Possiamo mai sperare che un ragionamento di questo genere, che asseconderebbe, peraltro, decine e decine di pronunciamenti, di pareri erogati dall’Autority nazionale anticorruzione che, inascoltata, perora da anni e anni l’avvento del sistema delle rotazioni, possa essere fatto proprio da un dirigente dell’Asl che prima si è fatto 10 anni da direttore amministrativo e ora se ne farà tre o cinque, (non sappiamo bene quale sia il termine temporale), da direttore generale dimostrando di avere una mentalità speculare rispetto a quella posseduta da Mannella e che lo fa sentire, inamovibile, titolare di un vero e proprio feudo gestito ultimamente così come lo sta gestendo, con scelte come quelle del De Santis e della Lomascolo fatte da lui e da lui solo, difese da lui e da lui solo e che sicuramente fanno piacere a quel sindacato Fials al quale appartengono i due coordinatori che certo, come ha dimostrato la clamorosa inchiesta della procura della Repubblica di Aversa-Napoli Nord, non ha brillato in fatto di buoni comportamenti e di correttezza nel momento in cui il figlio di Salvatore Stabile, dominus assoluto e potentissimo della Fials, si è fatto diversi mesi di arresti domiciliari e ora si trova alla sbarra, da imputato, a rispondere di reati molto gravi.

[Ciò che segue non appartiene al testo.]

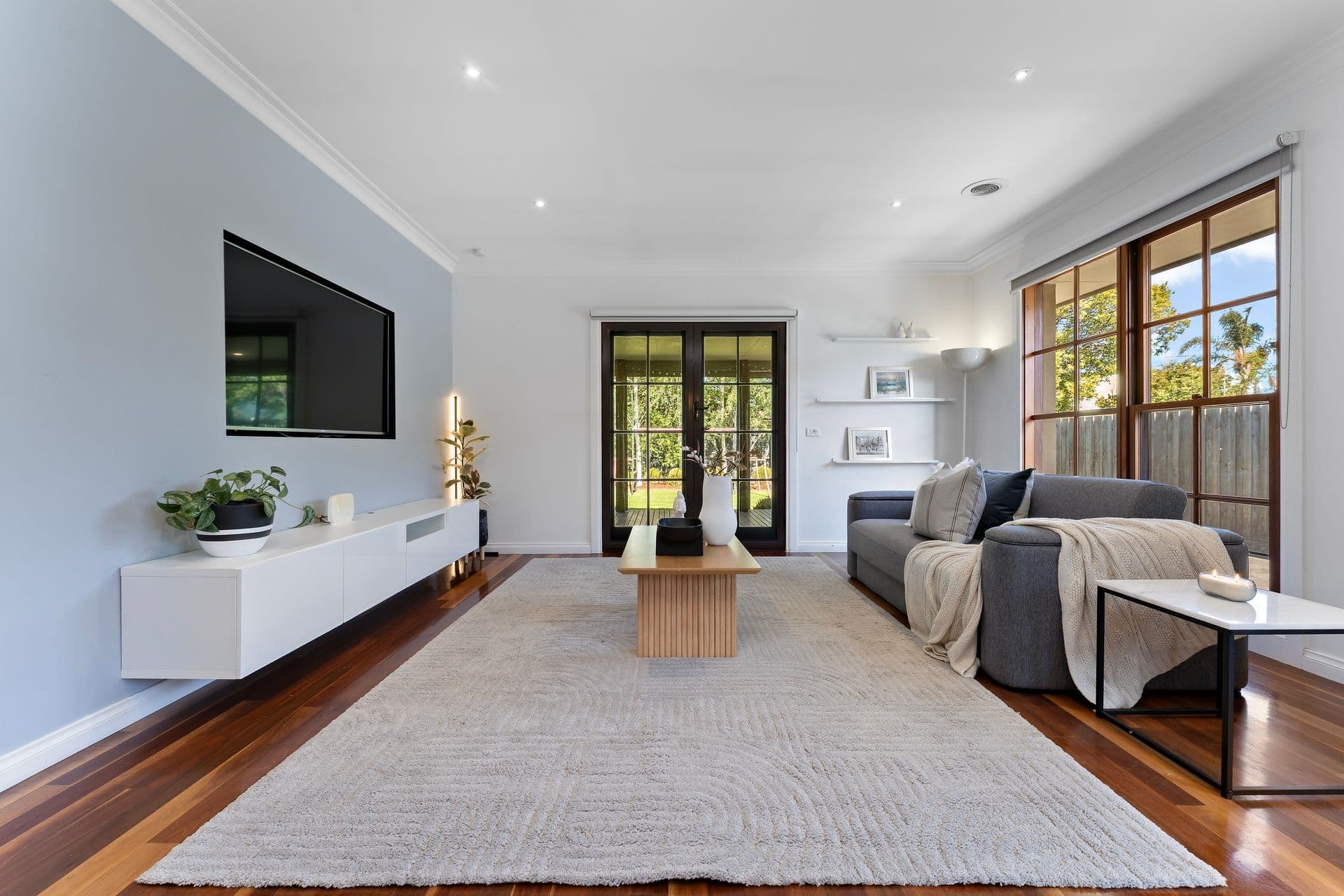 8 Gainsborough Road, Mentone VIC 3194, Mentone - Thumbnail 2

Per cui, state sereni. Non succederà nulla. Già vi possiamo dare appuntamento al prossimo morto. Alla famiglia di Ermanno Bugetto oltre alle nostre sentite, sincere condoglianze, formuliamo l’invito ad essere forti in questo momento chiedendo all’Asl e anche all’autorità giudiziaria, di capire se tutte le procedure di soccorso al loro congiunto siano state correttamente eseguite o se, invece, rappresenta un loro diritto ricevere, quantomeno, un risarcimento dei  danni per conclamata negligenza o per conclamata inesperienza degli operatori del 118, responsabilità, quella del controllo dei livelli di preparazioni ed esperenziali degli operatori, di chi risponde al telefono alle chiamate di soccorso e decise se, come e quali ambulanza muovere, ricade nel perimetro dei doveri e delle prerogative di chi questa Uoc, o Unità operativa complessa che dir si voglia, dirige e di chi, in nome e per conto di quest’ultimo, è apprestato alla sua gestione operativa.